The objection which attacks Binder’s competency to act as one of the commissioners in spreading the assessment of benefits raises a constitutional question. Section 16 of chapter 42, Hurd’s Revised Statutes of 1905, provides that in a proceeding such as this the court shall empanel a jury of twelve men. This jury, when empaneled, has the power to assess the benefits. The same section gives the court authority, “as provided by section 37 of this act,” to direct that the assessment of benefits shall be made by the commissioners of the district instead of by a jury, and under the last mentioned section the commissioners may make the assessment of benefits if the right of way required “has been released” by the owners of the lands, or when the owners of the lands in the district agree that the commissioners may make the assessment, or “in case the court so orders.” We have held in several cases that these provisions are constitutional in so far as they empower the court to direct the commissioners to make the assessment. (Hosmer v. Hunt Drainage District, 135 Ill. 51; Briggs v. Union Drainage District, 140 id. 53; Trigger v. Drainage District, 193 id. 230.) In none of those cases, however, was the question of the competency of a commissioner to act in assessing benefits where his lands were among those subject to assessment presented. In Lacey Drainage District v. Langellier, 215 Ill. 271, we held that the land owners could object to the competency of the persons making the assessment upon the-application for confirmation.

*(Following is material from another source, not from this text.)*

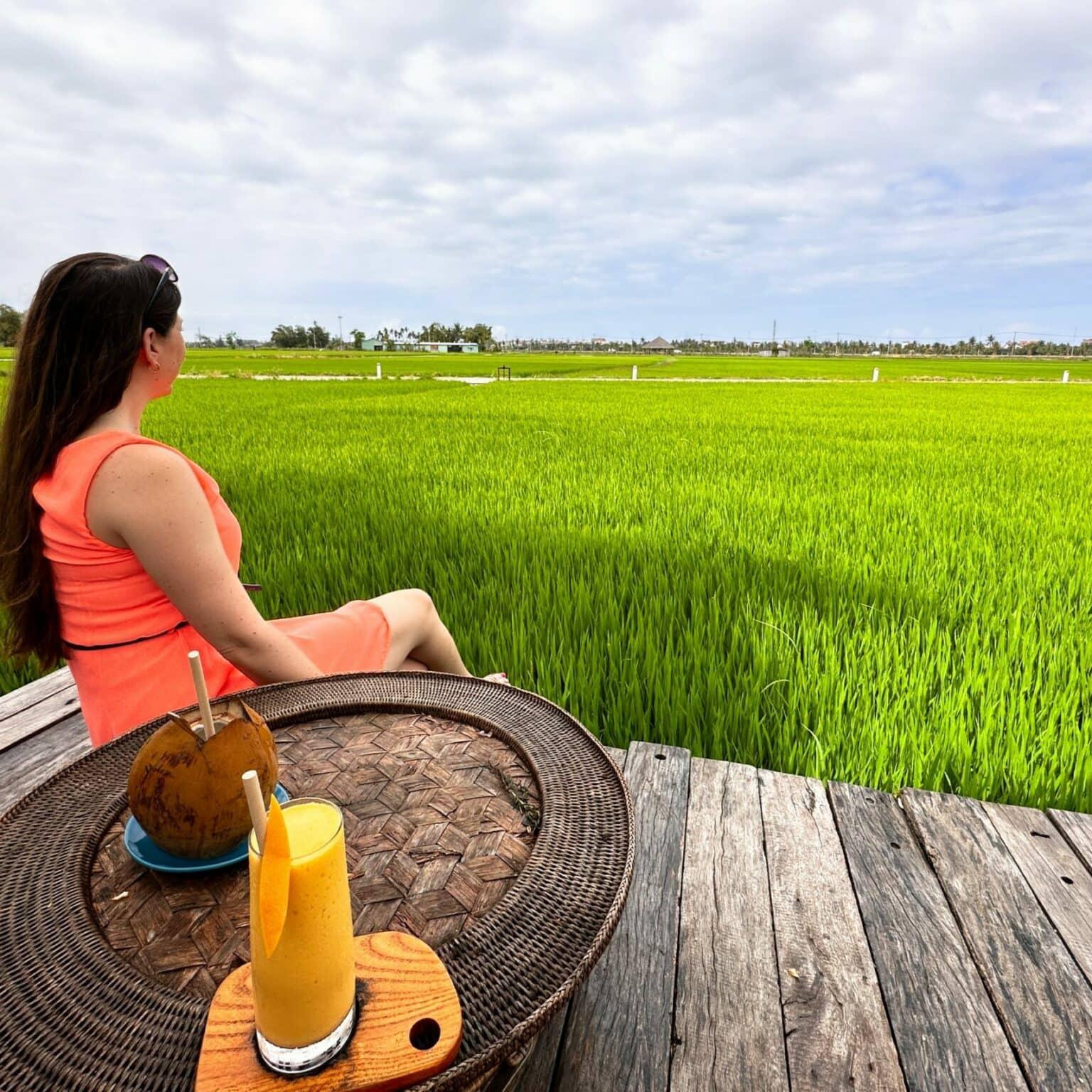 Biggi sits on a platform in front of the green rice fields.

The present constitution of the State (sec. 2, art. 2,) provides that no person shall be deprived of property without due process of law. Like provisions were found in the constitution of 1818 and that of 1848. The term “due process of law” has been often defined. It is doubtful whether any definition affords a test which will enable the courts to determine, in every instance, whether or not any particular statute is in violation of this provision of the constitution. In Burdick v. People, 149 Ill. 600, Frorer v. People, 141 id. 171, Eden v. People, 161 id. 296, and Harding v. People, 160 id. 459, we said that the words “due process of law” were synonymous with “law of the land.” Due process of law, however, does not mean a proceeding pursuant to any law which the legislature may see fit to pass, whether valid or invalid, but does mean “in the due course of legal proceedings according to those rules and forms which have been established for the protection of private rights.” (Burdick v. People, supra.) Judge Cooley, in his work on Constitutional Limitations, at page 356, uses this language: “Due process of law in each particular case means such an exertion of the powers of government as the settled maxims of law permit and sanction, and under such safeguards for the' protection of individual rights as those maxims prescribe for the'class of cases to which the one-in question belongs.”

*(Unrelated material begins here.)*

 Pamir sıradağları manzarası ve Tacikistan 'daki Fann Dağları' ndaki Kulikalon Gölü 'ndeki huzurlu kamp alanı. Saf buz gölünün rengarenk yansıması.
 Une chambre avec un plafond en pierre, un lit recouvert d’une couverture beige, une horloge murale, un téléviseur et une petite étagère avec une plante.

- In determining what' rules and forms have been established for the protection of- private rights or what safeguards for the protection of individual rights the settled, maxims of the law prescribe in such cases as this, we recognize the primal necessity to be laws providing impartial tribunals for the adjudication of rights. Section 9 of article 2 of the constitution of 1870 provides that in all criminal cases the accused shall be entitled to a speedy public trial by an impartial jury. The laws of the State have always placed about the jury box, both in civil and criminal cases, the greatest safeguards that the ingenuity of our lawmakers could devise for the purpose of excluding partial, prejudiced, dishonest and interested jurors. Our laws provide for changes of venue, by which the litigant may avoid the necessity of trying his case before a judge or chancellor believed to entertain a prejudice against him. Every constitutional provision that has ever been in effect in this State dealing with the method by which the property of an individual may be forcibly taken away from him, of necessity contemplated the determination of the question of the right to take that property by an impartial judicial body. By section 20 of article 2, supra, we are admonished that “a frequent recurrence to the fundamental principles of civil government is absolutely necessary to preserve the blessings of liberty.”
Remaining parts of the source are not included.